**YOUR GOAL**
A single stretch of the material below is to be transcribed exactly, starting at the line with "Парик AIMEYA из" and ending after the line with "students working at a table".

**DATA TO EXAMINE**
%%
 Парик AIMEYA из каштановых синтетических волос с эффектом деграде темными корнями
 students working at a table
%%
%%
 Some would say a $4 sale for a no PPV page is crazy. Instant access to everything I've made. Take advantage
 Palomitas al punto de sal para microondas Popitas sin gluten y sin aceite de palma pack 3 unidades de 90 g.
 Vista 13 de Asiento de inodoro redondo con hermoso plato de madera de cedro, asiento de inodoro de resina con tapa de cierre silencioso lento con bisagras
%%
**SOLUTION**
 Парик AIMEYA из каштановых синтетических волос с эффектом деграде темными корнями
 students working at a table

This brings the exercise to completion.